As Mastodon’s transformation into a more radio-friendly band continues, it seems as if older fans are becoming increasingly disenchanted with the bands musical output. ‘Emperor of Sand’ represents the bands most commercial outing to date, though not entirely ignoring the bands roots, it does seem intent on them moving further away from the harsher, rougher, meatier sounds of Remission and Leviathan.
I’ve been a little hit and miss with this band over the years, and in all honesty I think that ‘Crack the Skye’ is their best album. To my ears, ‘Crack the Skye’ was a musical journey through the prog-metal cosmos. It had everything: great songs, production and musicianship. Followup ‘The Hunter’ was hugely underwhelming. I’m finding it difficult to think of anything positive about that album and although ‘Once Around the Sun’ was an improvement, it was no ‘Crack the Skye’.
So, where does ‘Emperor of Sand’ sit? Well, I definitely think fans of more recent Mastodon will really like this album. It is without doubt the bands most tuneful, with songs like openers ‘Sultan’s Curse’ and in particular ‘Show Yourself’ being radio-friendly rock songs that even casual metal fans will dig. I quite enjoyed both these tracks, even ‘Show Yourself’ which definitely has a hint of Foo Fighters in it!

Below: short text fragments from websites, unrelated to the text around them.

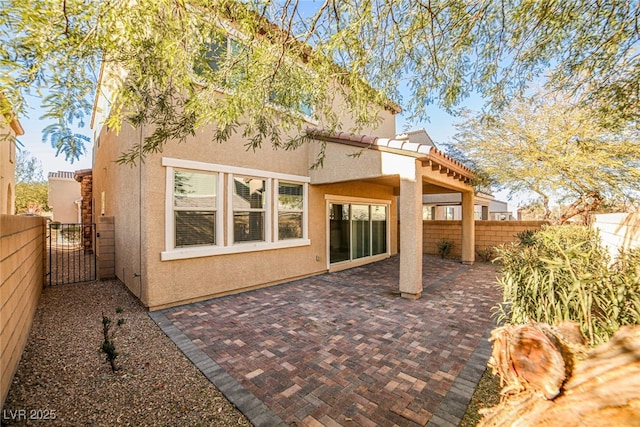 back of property with a patio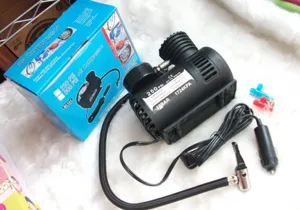 Tragbarer Auto-Luftkompressor Detailansicht zeigt Manometer und praktische Aufblasdüse.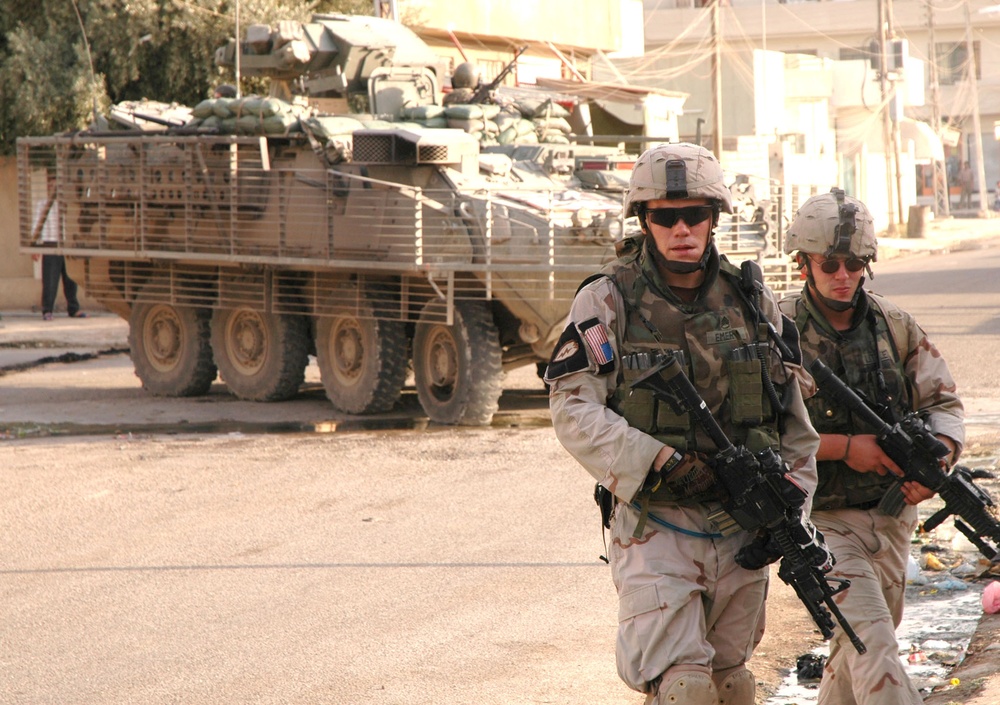 SSG Emery and PFC Little walk in front of their Stryker during a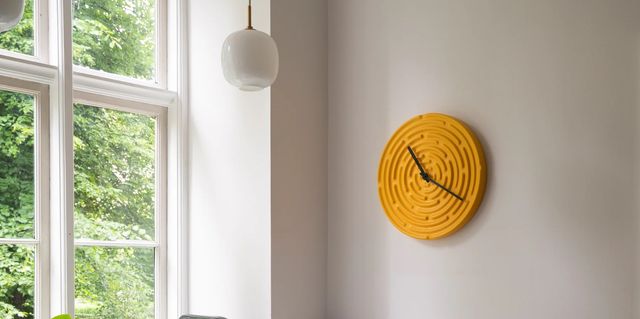 ‘minos’ wall clock by manon novelli in ‘freesia yellow’ raawii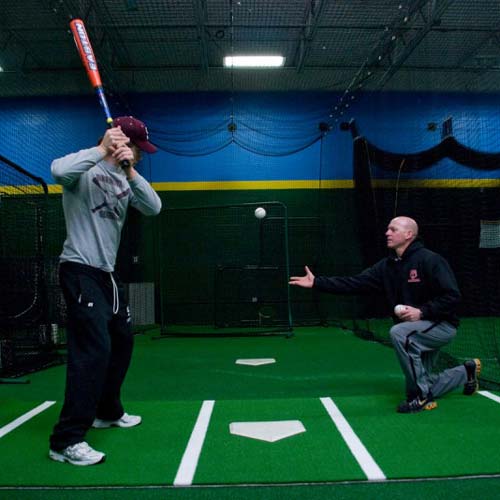 person standing on green home plate mat at indoor batting cage
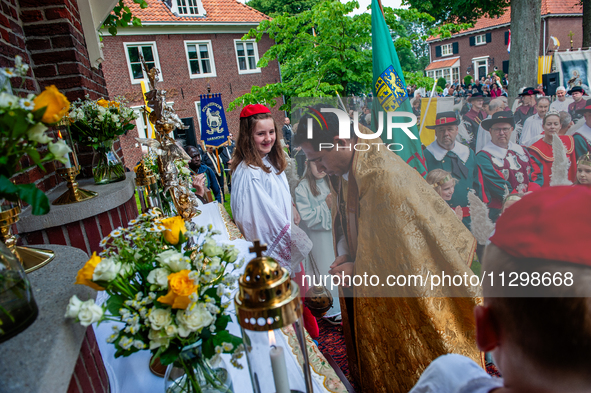 Thousands of people are attending the ''Boxmeerse Vaart,'' an ancient Holy Blood procession, in Boxmeer, Netherlands, on June 2, 2024. 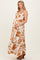 woman wearing a white and rust floral maternity maxi dress, gently cradling her baby bump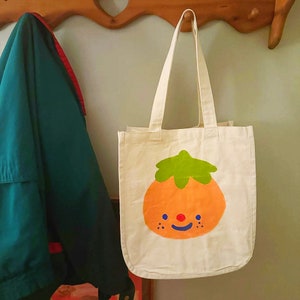May include: A white canvas tote bag with a hand-painted orange fruit design. The fruit has a green stem and a smiling face with blue eyes and a red nose.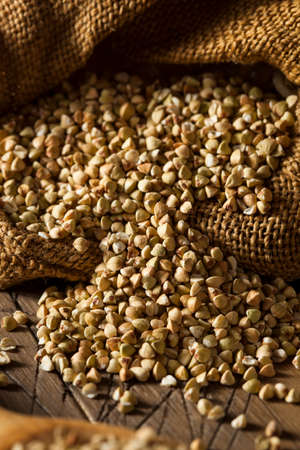 Raw Dry Organic Buckwheat in a Spoonの写真素材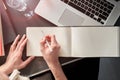 Close up of woman`s hands making notes on white spread book. Young woman or student working and writing on paper notebook, space Royalty Free Stock Photo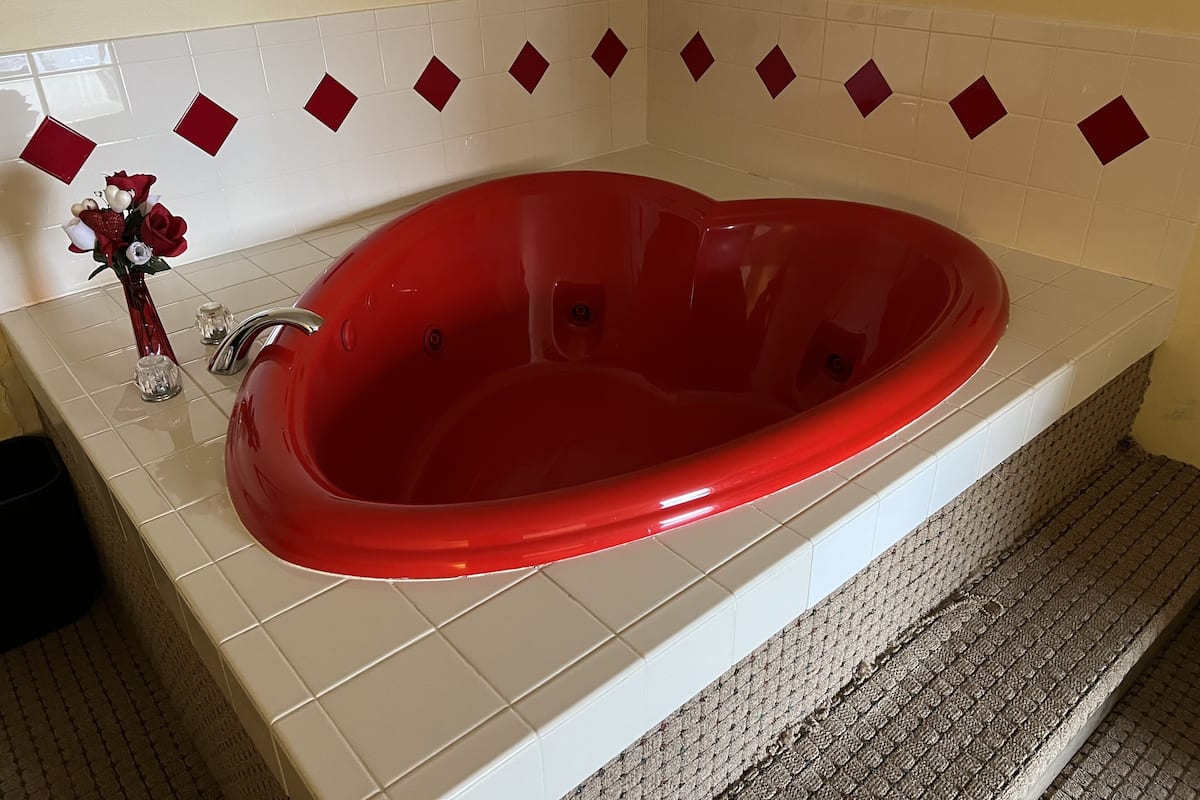 A red bathtub in a bathroom with white tiles and red diamond patterns on the wall.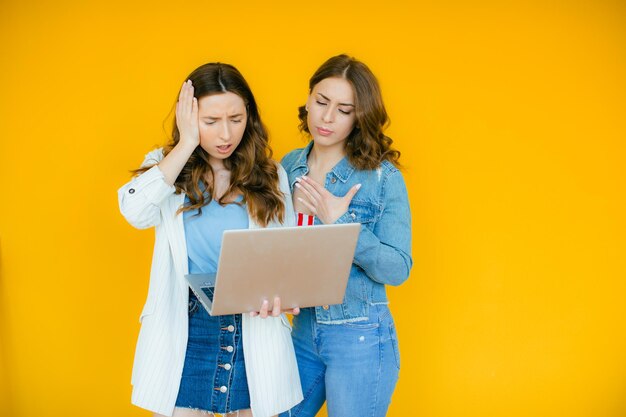 Portret van twee geschokte jonge mee-etermeisjes die met de vinger wijzen op de laptopcomputer op geel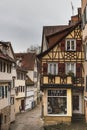 Medieval architecture: German half timbered building with pitched roof on a medieval cobbled alley or alleyway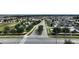 Aerial view of a residential neighborhood with community amenities at 1080 Condor Dr, Haines City, FL 33844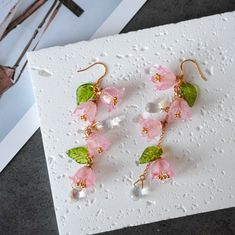 pink flowers and green leaves are hanging from gold - plated earwires on a white card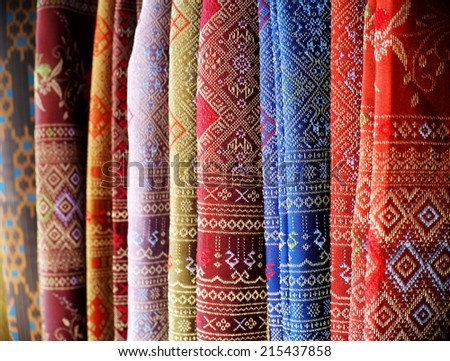 artistic variety shade tone colors ornaments patterns of thai silk textiles with traditional cultural decoration ornaments design by village people hanging in a street market in KHONKAEN, THAILAND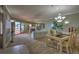 Bright dining room with table and chairs, looking toward living room and balcony at 18400 E Gulf Blvd # Ph-11, Indian Shores, FL 33785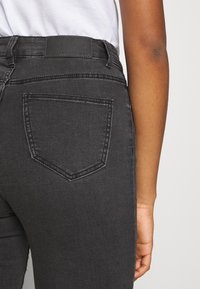 Jeans de mezclilla negra con un diseño ajustado, que cuentan con un único bolsillo trasero y un parche de cuero de la marca en la cintura. Textura suave.
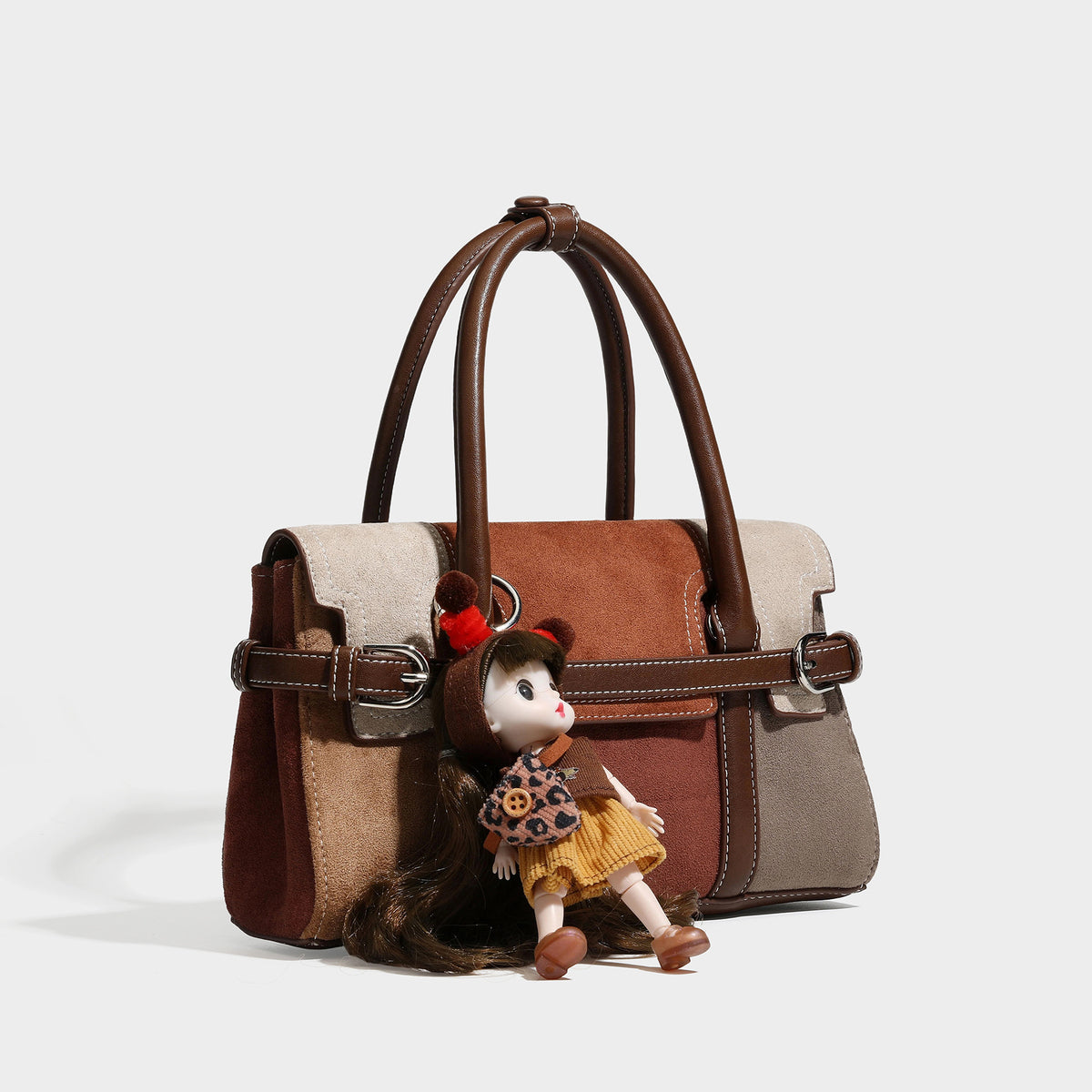 Structured color-block satchel bag in brown, rust, beige, and taupe suede-look panels with white topstitching, front buckle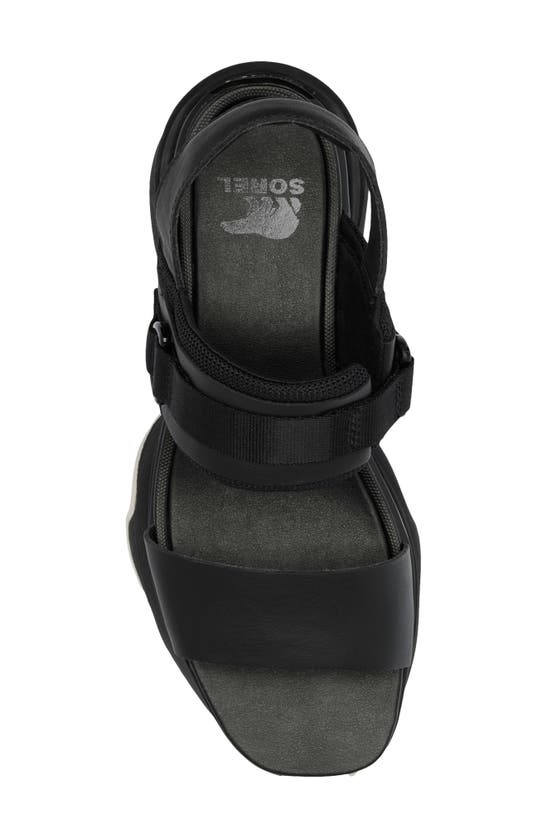 Shop Sorel Kinetic Impact Slingback Sandal In Black/ Black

‘Precious Stone’ is another solid track, again it’s tuneful, catchy and continues the bands more recent melodic approach to songwriting. The groovy ‘Steambreather’ is another track I quite dig, some great lead work in this one too. The next few tracks are a little Mastodon-by-numbers. We’ve heard them before and they don’t offer too much to get excited about unfortunately. It isn’t until ‘Andromeda’ and ‘Scorpion Breathe’ that things start to click again, but it is perhaps final song ‘Jaguar God’ that leaves a lasting impression. At nearly 8 minutes long it’s the longest track on the album and possibly my favourite. Heaps of layers to this song with intricate, melodic sections that carry a 70s style rock vibe to Levaiathan-style riffage mid-way through, it’s good stuff and perhaps a hint that the band might be venturing into more proggy territory again in the future!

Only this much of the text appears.